## [What you need to do]
The answer should be an exact repeat of the stretch of material below from the line containing "ESTUDIANTES RIOGRANDENSES SERÁN" through the line containing "of Columbia J".

## [Material for this exercise]
◆ ◆ ◆ ◆ ◆

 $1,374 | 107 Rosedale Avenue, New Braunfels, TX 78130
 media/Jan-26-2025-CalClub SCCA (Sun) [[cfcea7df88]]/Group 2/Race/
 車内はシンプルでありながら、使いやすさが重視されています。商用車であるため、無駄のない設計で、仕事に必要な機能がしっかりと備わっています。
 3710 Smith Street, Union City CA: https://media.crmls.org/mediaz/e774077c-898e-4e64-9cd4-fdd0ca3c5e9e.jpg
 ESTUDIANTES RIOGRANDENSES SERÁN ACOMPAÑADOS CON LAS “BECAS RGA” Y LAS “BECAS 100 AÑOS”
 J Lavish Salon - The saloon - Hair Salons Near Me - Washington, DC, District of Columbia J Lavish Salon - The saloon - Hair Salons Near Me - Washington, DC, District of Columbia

◆ ◆ ◆ ◆ ◆

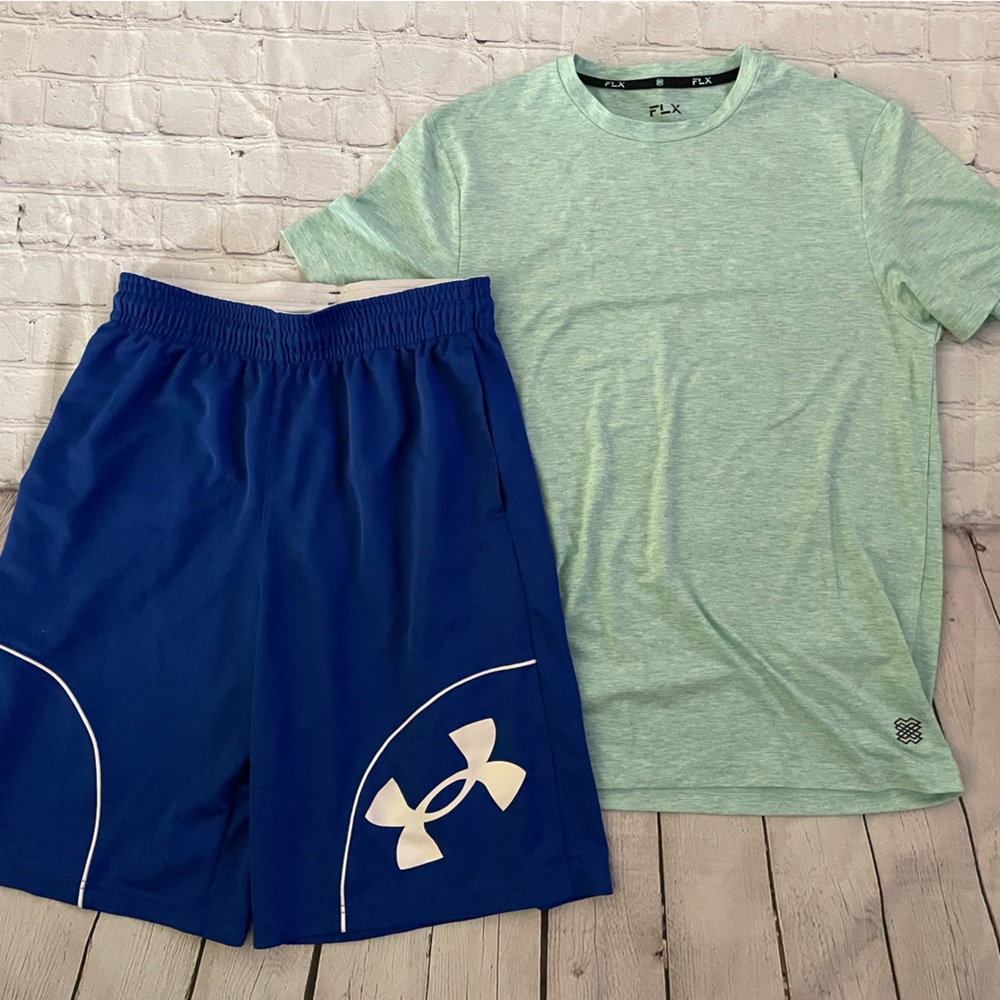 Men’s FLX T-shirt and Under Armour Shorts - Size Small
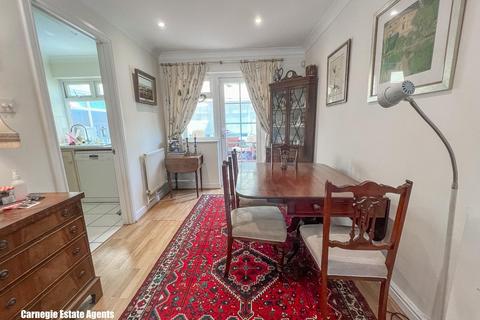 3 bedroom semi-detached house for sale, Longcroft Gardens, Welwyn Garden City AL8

◆ ◆ ◆ ◆ ◆

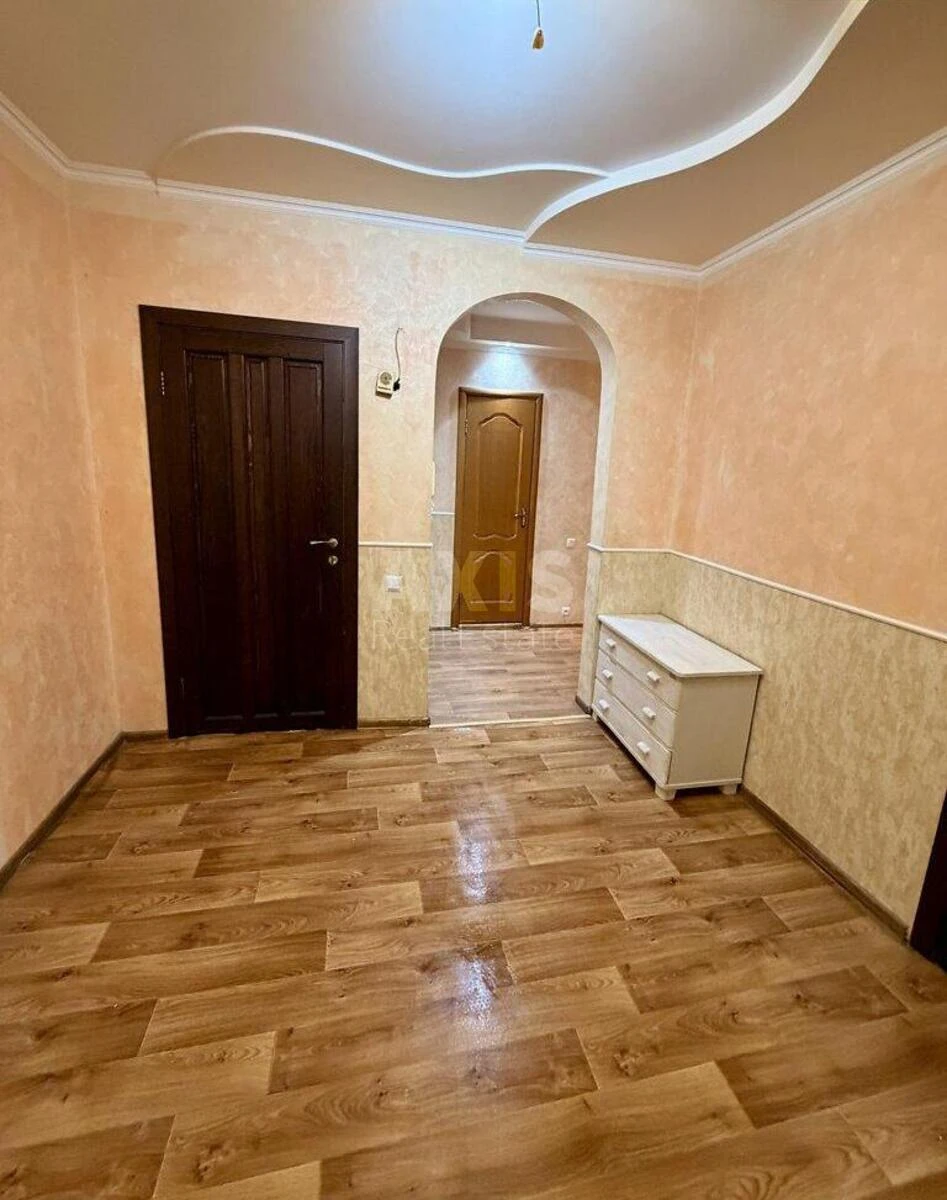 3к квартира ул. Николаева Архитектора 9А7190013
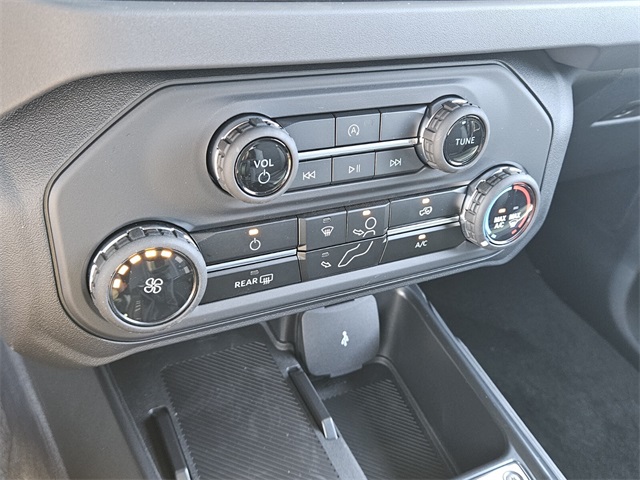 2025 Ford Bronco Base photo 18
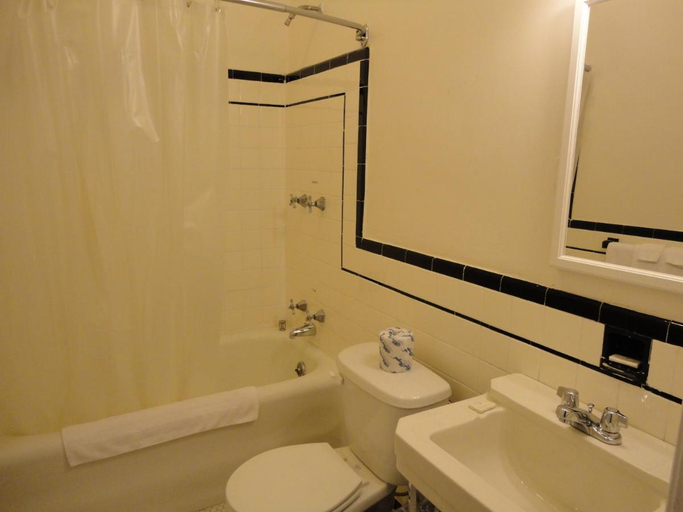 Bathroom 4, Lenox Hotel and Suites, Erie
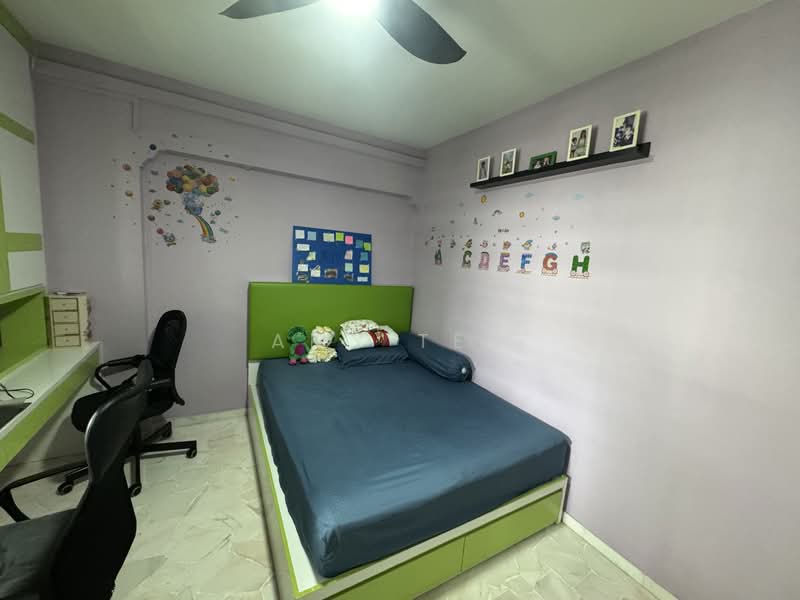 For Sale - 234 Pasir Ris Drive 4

◆ ◆ ◆ ◆ ◆

## [Expected output]
 ESTUDIANTES RIOGRANDENSES SERÁN ACOMPAÑADOS CON LAS “BECAS RGA” Y LAS “BECAS 100 AÑOS”
 J Lavish Salon - The saloon - Hair Salons Near Me - Washington, DC, District of Columbia J Lavish Salon - The saloon - Hair Salons Near Me - Washington, DC, District of Columbia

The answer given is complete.